Each signal is clickable, instantly filtering the Activity table for faster remediation and more efficient risk management.

Quickly identify high-risk domains with Lookalike Similarity

As part of these enhancements, we’re introducing a new column called “Similarity.” Brand Trust scans up to 150 million domains daily, comparing them to your own domains to identify lookalikes (domains that closely imitate your domain names). Each lookalike is assigned a similarity score, indicating how closely it matches your domain. This score ranges from lowest to highest, helping you spot domains with the closest match for easier prioritization.

Certificates

Gain better visibility with the enhanced Certificates Dashboard

We’ve enhanced the Dashboard to deliver more actionable insights and increase visibility across your domain and certificate estate. The improved dashboard shows:

Total number of monitored domains: The dashboard now provides an at-a-glance view of your certificate management scope.

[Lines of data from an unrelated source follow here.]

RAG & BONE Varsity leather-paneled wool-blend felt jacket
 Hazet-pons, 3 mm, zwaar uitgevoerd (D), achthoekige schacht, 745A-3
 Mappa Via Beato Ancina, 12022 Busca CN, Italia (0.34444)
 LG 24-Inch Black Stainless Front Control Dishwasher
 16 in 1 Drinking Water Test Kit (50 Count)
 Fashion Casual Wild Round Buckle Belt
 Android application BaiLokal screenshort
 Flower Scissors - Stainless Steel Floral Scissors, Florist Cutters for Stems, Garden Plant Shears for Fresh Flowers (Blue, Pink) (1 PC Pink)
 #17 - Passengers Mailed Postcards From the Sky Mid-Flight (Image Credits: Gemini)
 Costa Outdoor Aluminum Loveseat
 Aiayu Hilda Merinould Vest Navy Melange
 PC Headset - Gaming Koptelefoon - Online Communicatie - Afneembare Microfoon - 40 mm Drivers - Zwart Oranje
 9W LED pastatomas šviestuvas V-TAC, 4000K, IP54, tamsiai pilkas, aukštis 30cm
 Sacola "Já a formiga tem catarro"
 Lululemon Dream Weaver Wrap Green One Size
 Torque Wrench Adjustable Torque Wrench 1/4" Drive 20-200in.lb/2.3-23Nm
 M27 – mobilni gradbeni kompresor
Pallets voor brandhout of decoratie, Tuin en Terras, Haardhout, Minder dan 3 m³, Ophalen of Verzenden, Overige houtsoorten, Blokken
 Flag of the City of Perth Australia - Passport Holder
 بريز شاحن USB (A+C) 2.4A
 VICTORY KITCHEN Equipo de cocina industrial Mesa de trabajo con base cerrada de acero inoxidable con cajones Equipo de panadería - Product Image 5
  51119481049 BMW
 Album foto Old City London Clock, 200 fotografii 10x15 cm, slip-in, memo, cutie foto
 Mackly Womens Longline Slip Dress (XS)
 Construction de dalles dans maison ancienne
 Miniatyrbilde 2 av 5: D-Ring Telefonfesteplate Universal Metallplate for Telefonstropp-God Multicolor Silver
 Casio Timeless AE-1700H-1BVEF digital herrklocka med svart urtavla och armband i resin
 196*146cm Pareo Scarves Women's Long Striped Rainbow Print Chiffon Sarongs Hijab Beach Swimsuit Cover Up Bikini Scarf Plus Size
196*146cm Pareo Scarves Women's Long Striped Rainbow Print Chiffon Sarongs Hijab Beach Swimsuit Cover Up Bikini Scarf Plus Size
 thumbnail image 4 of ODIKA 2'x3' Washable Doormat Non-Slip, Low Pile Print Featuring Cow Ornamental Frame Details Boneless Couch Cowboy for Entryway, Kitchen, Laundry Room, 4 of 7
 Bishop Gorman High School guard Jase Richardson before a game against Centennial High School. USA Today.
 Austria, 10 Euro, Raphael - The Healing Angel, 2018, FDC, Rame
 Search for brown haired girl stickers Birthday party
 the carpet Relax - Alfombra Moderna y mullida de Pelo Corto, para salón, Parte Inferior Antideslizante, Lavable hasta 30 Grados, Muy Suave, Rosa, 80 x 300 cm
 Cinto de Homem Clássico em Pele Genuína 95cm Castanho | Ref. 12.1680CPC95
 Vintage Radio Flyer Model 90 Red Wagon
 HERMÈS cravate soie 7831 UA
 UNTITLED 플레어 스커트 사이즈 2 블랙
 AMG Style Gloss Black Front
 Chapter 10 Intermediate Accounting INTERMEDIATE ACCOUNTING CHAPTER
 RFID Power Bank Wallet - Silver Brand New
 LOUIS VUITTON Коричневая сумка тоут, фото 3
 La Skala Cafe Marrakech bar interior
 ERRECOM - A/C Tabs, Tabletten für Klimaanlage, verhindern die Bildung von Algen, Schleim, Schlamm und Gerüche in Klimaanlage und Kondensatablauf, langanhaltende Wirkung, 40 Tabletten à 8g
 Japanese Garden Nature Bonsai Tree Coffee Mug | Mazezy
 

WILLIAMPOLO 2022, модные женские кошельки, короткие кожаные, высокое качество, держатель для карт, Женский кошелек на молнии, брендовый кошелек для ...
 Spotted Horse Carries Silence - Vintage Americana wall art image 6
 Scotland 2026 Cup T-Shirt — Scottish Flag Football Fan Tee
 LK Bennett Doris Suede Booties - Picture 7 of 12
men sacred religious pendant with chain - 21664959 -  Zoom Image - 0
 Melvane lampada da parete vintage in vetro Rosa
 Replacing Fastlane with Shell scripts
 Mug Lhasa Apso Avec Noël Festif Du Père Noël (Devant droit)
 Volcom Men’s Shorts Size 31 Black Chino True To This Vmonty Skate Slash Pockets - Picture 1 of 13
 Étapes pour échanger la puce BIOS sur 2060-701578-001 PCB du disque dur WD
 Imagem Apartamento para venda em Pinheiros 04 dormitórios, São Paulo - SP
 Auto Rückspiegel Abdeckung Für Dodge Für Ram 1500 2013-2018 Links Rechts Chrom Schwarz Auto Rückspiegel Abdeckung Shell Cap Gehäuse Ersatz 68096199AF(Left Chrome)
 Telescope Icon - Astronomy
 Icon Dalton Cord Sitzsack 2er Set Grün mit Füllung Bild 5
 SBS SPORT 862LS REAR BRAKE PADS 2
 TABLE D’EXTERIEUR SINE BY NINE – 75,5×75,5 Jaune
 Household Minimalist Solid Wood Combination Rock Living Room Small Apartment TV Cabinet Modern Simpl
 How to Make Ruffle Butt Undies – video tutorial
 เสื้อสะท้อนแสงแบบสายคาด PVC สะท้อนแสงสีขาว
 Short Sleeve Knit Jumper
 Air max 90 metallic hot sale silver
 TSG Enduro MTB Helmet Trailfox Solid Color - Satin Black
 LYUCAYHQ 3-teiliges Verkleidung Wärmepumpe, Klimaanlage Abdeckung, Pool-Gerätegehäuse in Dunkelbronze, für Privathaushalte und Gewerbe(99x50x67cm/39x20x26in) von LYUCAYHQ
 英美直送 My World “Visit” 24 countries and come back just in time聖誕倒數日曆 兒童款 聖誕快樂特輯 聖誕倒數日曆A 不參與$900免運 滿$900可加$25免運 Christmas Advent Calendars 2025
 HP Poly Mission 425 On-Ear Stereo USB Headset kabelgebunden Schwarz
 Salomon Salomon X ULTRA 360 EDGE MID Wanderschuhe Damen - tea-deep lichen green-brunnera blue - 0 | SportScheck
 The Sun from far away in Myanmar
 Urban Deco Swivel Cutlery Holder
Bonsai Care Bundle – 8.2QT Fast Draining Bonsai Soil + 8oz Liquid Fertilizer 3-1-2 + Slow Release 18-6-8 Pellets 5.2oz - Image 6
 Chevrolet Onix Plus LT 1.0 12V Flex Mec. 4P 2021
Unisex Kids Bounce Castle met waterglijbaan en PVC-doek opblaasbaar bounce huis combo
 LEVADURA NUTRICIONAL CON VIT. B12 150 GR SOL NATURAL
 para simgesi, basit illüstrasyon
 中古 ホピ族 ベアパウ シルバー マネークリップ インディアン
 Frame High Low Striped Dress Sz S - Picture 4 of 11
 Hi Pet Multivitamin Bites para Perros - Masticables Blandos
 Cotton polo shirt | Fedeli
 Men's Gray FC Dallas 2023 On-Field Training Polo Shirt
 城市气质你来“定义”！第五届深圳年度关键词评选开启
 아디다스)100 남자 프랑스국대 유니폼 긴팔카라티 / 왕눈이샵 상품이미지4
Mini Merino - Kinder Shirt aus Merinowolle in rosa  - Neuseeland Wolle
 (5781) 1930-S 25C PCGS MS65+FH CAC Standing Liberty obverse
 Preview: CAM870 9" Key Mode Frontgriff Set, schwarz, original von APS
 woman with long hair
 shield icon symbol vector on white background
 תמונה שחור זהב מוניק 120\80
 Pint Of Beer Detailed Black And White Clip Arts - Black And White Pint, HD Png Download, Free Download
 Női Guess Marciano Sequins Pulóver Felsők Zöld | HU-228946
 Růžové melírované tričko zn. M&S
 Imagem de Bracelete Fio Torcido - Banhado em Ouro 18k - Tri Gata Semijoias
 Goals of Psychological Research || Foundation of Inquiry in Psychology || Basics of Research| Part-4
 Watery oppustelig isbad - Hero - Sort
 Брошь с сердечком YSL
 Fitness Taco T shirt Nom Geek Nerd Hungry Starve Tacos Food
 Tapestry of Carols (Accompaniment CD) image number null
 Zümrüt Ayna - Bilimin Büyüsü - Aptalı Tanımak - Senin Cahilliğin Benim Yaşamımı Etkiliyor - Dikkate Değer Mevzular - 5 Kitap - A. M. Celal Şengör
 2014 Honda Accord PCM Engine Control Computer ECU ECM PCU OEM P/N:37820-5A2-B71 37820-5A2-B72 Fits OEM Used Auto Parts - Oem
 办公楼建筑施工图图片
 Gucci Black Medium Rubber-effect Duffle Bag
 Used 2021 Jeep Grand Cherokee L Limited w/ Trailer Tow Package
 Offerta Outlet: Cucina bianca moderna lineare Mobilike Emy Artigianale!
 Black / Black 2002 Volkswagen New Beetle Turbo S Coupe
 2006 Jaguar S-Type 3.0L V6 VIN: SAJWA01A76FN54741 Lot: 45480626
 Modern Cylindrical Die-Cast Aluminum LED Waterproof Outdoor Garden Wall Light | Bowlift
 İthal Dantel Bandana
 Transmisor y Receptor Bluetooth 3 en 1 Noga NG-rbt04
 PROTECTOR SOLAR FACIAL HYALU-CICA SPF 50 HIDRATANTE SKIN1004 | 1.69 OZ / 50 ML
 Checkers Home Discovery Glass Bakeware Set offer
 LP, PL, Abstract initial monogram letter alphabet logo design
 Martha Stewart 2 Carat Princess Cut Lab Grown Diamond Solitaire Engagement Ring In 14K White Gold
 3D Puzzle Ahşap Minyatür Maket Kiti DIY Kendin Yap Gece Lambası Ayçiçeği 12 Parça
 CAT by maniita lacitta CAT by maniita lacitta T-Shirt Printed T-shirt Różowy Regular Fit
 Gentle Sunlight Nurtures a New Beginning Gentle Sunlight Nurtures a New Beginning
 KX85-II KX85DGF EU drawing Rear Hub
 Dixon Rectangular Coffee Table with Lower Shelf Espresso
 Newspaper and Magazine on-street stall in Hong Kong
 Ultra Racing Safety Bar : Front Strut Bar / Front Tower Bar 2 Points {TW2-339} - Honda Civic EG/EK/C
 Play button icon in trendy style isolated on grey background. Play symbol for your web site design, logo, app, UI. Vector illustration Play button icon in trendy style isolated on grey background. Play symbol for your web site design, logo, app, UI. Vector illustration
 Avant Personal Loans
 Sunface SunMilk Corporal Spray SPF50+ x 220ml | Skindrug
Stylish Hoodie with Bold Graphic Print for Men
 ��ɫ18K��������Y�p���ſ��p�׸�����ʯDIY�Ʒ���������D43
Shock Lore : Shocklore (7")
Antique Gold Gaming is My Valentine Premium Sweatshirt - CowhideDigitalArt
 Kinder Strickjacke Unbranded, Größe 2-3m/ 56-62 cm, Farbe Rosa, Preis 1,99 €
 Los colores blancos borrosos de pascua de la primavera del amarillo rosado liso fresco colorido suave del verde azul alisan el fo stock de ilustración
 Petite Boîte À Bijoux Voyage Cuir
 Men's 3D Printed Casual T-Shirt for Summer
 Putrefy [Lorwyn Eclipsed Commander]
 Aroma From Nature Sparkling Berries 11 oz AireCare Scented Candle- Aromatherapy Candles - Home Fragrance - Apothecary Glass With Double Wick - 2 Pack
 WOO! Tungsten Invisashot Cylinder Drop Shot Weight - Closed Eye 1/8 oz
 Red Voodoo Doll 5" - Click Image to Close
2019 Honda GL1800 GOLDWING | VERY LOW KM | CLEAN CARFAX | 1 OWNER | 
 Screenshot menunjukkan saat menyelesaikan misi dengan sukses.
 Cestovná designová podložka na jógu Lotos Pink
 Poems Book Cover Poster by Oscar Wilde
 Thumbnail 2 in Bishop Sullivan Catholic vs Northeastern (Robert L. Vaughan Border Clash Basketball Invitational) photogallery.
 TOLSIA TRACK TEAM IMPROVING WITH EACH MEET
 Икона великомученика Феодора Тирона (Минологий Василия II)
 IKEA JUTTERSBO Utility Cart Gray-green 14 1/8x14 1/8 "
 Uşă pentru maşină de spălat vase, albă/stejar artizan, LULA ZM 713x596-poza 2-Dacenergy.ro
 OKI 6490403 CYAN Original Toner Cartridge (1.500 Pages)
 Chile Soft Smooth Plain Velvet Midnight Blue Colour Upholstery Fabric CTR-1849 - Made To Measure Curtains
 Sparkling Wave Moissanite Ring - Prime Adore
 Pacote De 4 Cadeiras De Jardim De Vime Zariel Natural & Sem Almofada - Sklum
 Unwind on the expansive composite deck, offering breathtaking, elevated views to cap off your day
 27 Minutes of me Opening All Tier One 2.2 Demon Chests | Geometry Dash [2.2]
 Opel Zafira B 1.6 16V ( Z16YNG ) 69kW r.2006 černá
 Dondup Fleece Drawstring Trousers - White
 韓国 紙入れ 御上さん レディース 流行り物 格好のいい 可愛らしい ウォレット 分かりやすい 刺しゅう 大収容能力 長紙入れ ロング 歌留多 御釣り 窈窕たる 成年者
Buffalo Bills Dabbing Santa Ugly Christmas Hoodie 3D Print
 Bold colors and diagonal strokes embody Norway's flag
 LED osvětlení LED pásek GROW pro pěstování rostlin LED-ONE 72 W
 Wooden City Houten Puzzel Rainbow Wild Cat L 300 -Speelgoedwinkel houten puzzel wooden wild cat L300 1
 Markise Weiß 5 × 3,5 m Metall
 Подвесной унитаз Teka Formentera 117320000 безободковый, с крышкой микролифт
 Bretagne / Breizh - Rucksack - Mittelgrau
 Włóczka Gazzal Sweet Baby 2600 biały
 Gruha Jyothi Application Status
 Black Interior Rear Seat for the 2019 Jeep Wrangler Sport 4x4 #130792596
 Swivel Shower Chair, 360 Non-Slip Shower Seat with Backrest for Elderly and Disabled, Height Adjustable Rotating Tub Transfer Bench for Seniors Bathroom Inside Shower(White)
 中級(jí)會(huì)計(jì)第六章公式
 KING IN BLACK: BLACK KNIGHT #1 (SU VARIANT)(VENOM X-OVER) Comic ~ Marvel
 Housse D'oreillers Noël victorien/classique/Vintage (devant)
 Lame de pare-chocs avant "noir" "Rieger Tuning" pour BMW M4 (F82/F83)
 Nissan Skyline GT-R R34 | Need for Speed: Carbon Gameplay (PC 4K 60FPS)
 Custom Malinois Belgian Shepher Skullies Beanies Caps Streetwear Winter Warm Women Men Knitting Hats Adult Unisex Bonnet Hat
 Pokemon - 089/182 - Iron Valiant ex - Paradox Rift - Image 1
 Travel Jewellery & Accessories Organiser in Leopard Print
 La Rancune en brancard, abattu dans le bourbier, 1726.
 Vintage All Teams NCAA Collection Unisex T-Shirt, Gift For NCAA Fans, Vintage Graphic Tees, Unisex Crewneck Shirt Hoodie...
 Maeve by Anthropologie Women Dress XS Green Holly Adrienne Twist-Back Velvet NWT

Certificate breakdown: Certificates are now categorized for easier filtering and insights.

• Total Certificates 
• Owned Certificates 
• Third-party certificates: Track certificates issued by external parties but linked to your services.
• Certificates in use by endpoints: Stay informed about certificates that are currently active and in use.

Renewal tracking and expiry management: You can now filter certificates based on their renewal timelines:

• Certificates due for renewal within a specified time frame.
• Certificates overdue and requiring immediate attention.

Critical Certificate Statuses

• Expiry timeline: The expiration monitoring timeline now features a clearer visual representation of renewal timelines and critical statuses.

The enhanced renewal timeline provides clearer visuals on renewal timelines and critical statuses, helping you stay ahead of potential issues. The improved filtering and categorization make it easy to prioritize certificates, ensuring timely action and maintaining compliance with ease.